» Work to be completed
Your task is to print all of the data below exactly, with no pictures included.

━━ Provided data

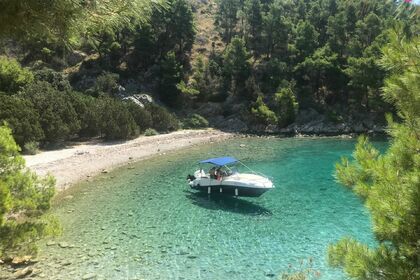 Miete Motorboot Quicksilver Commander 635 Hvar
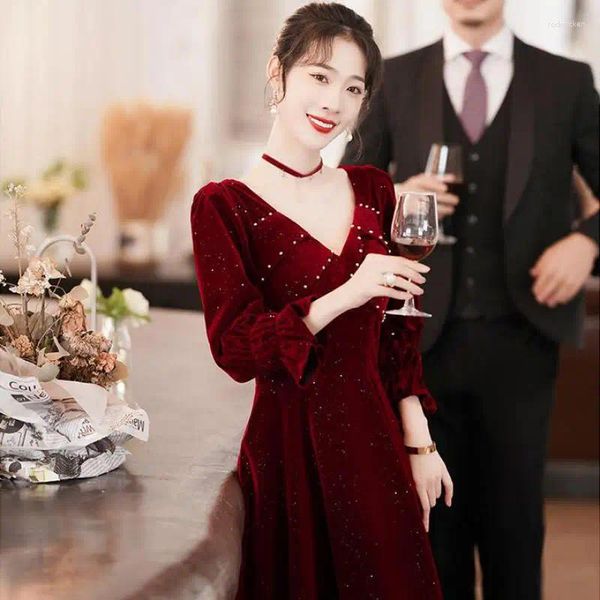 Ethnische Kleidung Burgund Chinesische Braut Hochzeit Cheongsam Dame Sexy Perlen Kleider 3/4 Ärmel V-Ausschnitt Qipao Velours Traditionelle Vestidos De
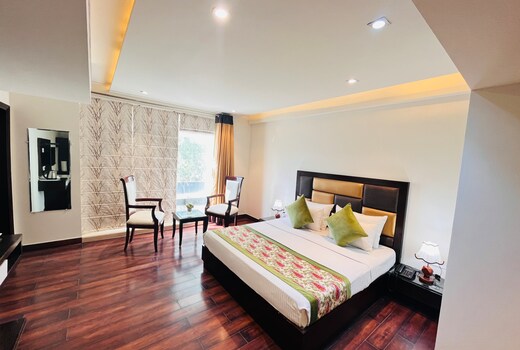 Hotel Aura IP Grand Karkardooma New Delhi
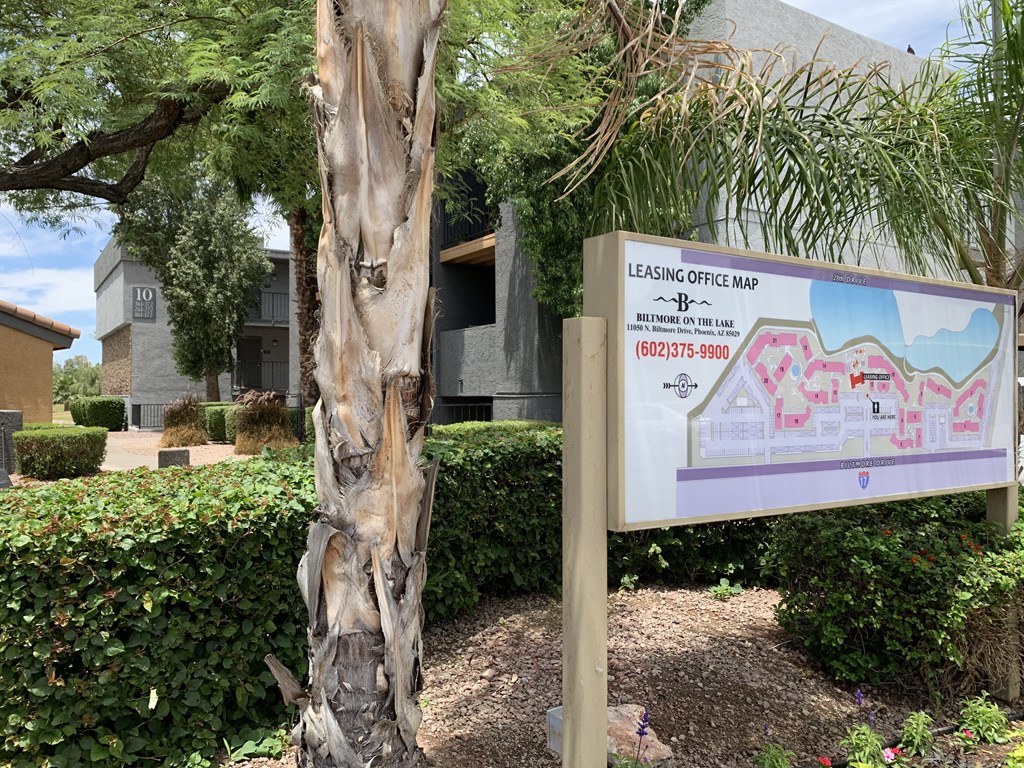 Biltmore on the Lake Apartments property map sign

━━━━

» Worked solution
 Miete Motorboot Quicksilver Commander 635 Hvar
 Ethnische Kleidung Burgund Chinesische Braut Hochzeit Cheongsam Dame Sexy Perlen Kleider 3/4 Ärmel V-Ausschnitt Qipao Velours Traditionelle Vestidos De
 Hotel Aura IP Grand Karkardooma New Delhi
 Biltmore on the Lake Apartments property map sign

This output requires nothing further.